Faillite, d’abord, de la culture dite de renaissance et du progrès, avec la perversion des idéologies rationalistes, nationalistes, socialistes et modernistes, la domination de la pensée unique, le viol systématique des consciences et le culte des chefs. Faillite de la construction de la nation ensuite, avec la mainmise sur l’État, le totalitarisme, l’arbitraire politique et juridique, l’omniprésence des forces de répression, l’annihilation des libertés fondamentales – tout ce qui fait l’impasse sur la réalisation de l’idée de citoyenneté, d’individualité, de participation et de solidarité sociale.

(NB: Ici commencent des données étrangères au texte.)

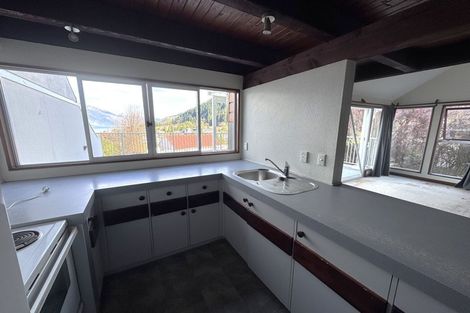 Photo of property in 5e Anderson Heights, Queenstown, 9300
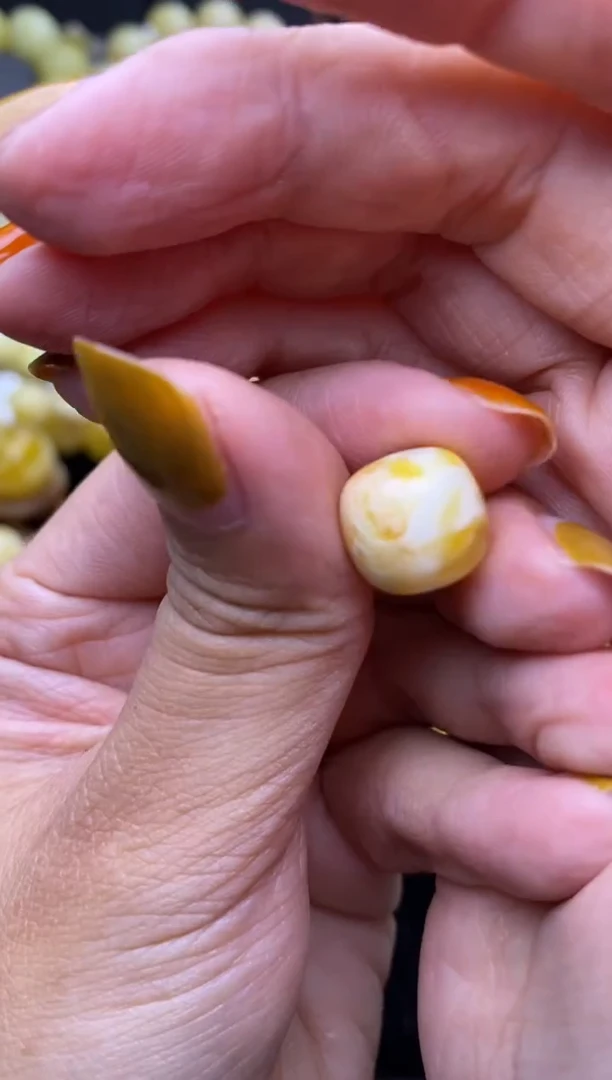裸石琥珀未镶嵌 大小姐珠宝25
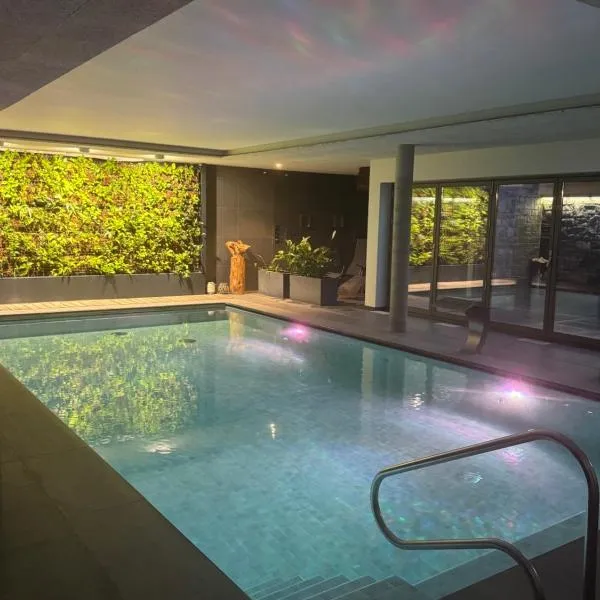 Hôtel WELLNESS EAU DE ROCHE Durbuy, hotel v destinaci Durbuy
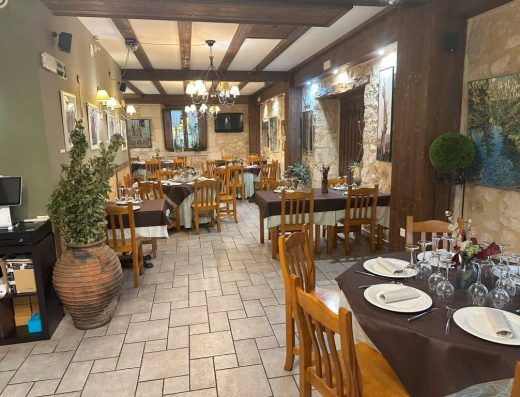 Imagen del comedor completo en el restaurante accesible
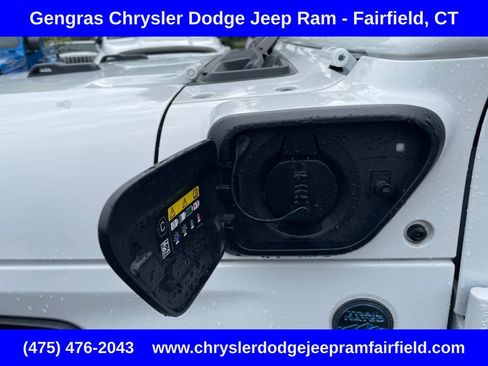 Used 2024 Jeep Wrangler Unlimited AWD/4WD image 15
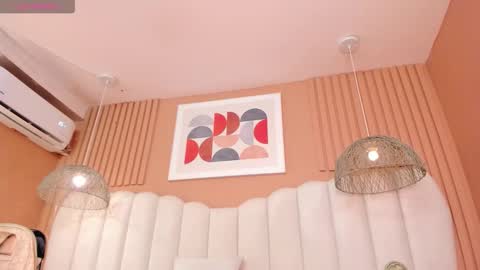 Snapshot of danee_19 chatting on December 2025 10:21:02 AM Daniela online show from December 2025 10:21:02 AM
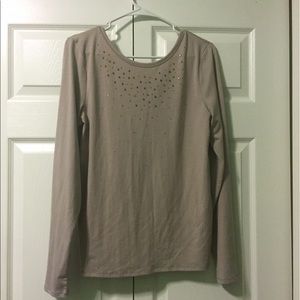Long sleeve, low back shirt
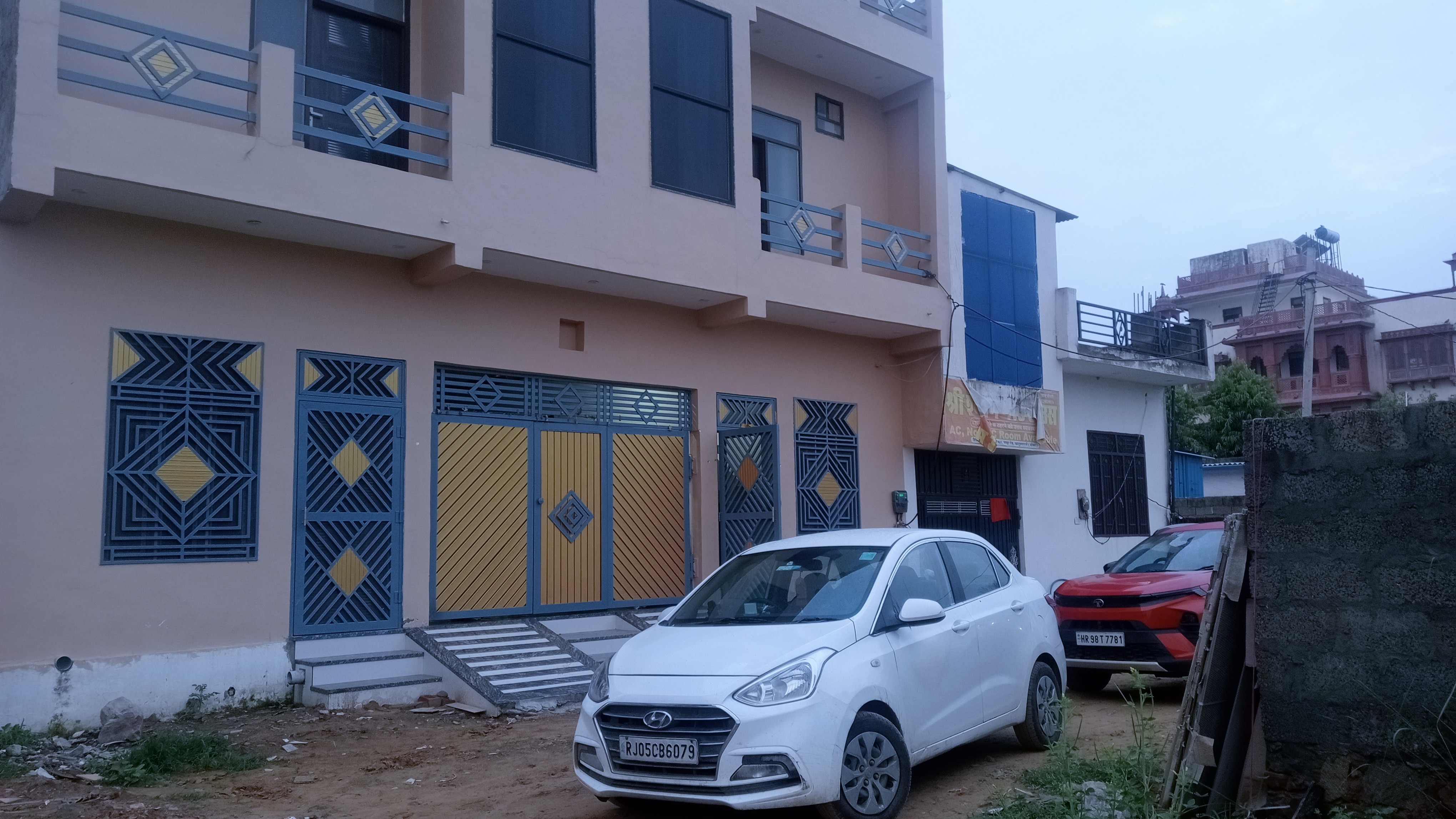 GURU JI GUEST HOUSE - Tap to explore photos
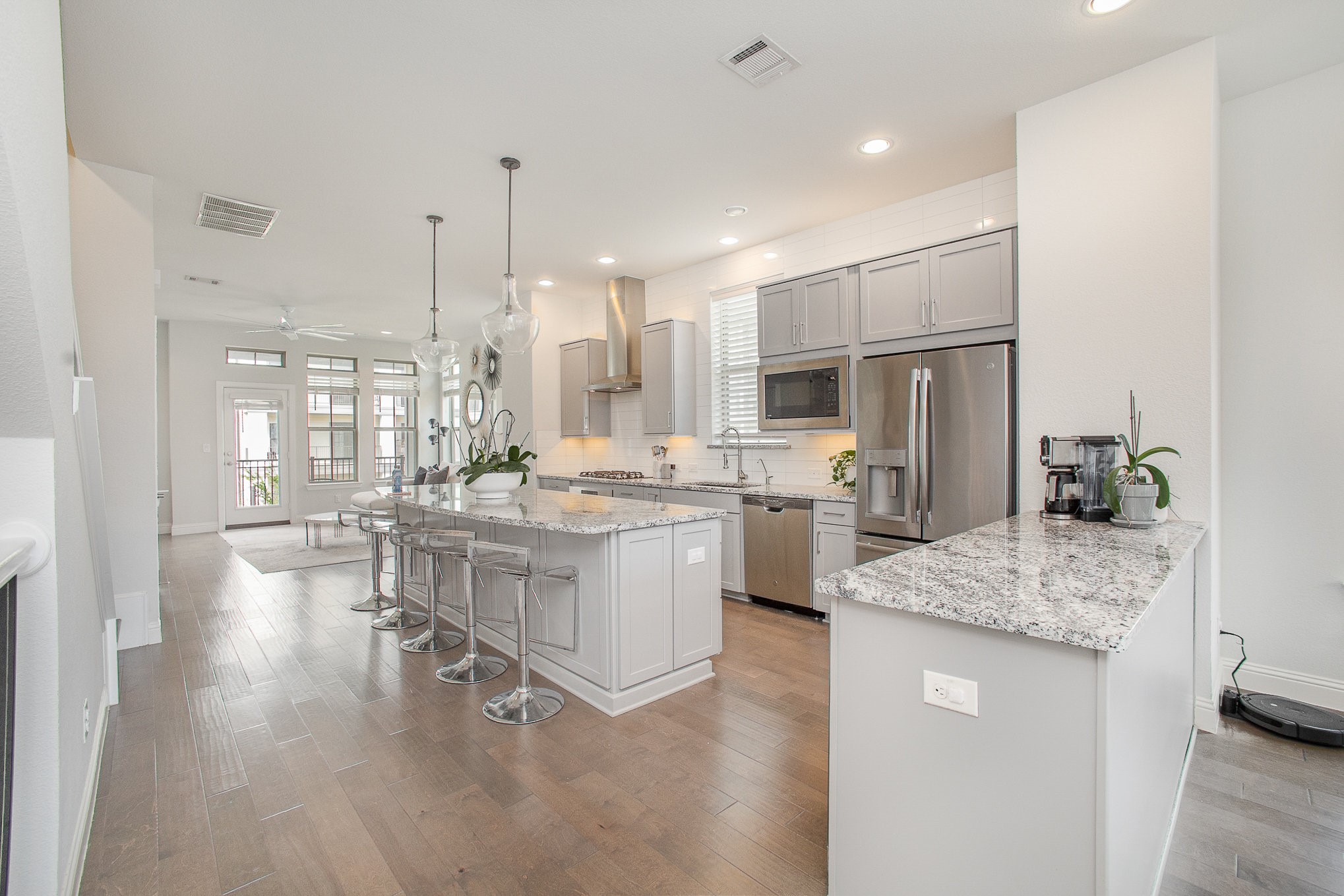 Dallas, Texas, 75212, United States, 3 Bedrooms Bedrooms, ,4 BathroomsBathrooms,Residential,For Sale,1760798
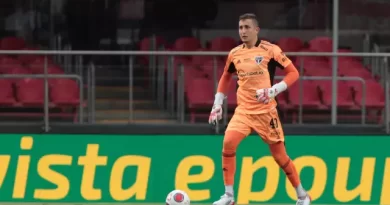 Vitória acerta a contratação de goleiro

Faillite enfin des projets d’industrialisation et d’enracinement de la science et de la technologie, sur lesquels se fondait l’espoir dans le progrès matériel, l’insertion sociale et l’intégration nouvelle à l’économie internationale. L’extension de la base sociale de l’islamisme, la radicalisation de ses revendications procèdent de ces blocages qui affectent les systèmes sociétaux et leurs fondements idéologiques, politiques et sociaux. Ces ruptures apparaissent comme le résultat de politiques réfléchies, adoptées par des équipes au pouvoir, d’un ordre international dominé par un système économique et traversé par des stratégies rivales et multiples qui ne laissent aucune société à l’abri des dynamiques globales.

 

 Pour relativiser ce constat actuel, historiquement daté et explicable par l’histoire des deux derniers siècles, je voudrais conclure en donnant la parole à Maxime Rodinson (1978 : 65) qui rappelle que, à l’âge des Lumières, l’islam était « regardé comme une religion rationnelle, éloignée des dogmes chrétiens les plus opposés à la raison, admettant un minimum de conceptions mythiques et de rites mystiques (minimum sans doute nécessaire, pense-t-on, pour recueillir l’adhésion des masses), conciliant l’appel à une vie morale avec un respect raisonnable des exigences du corps, des sens, de la vie sociale. En somme, c’est une religion toute proche du déisme que professent la plupart des Aufklärer ».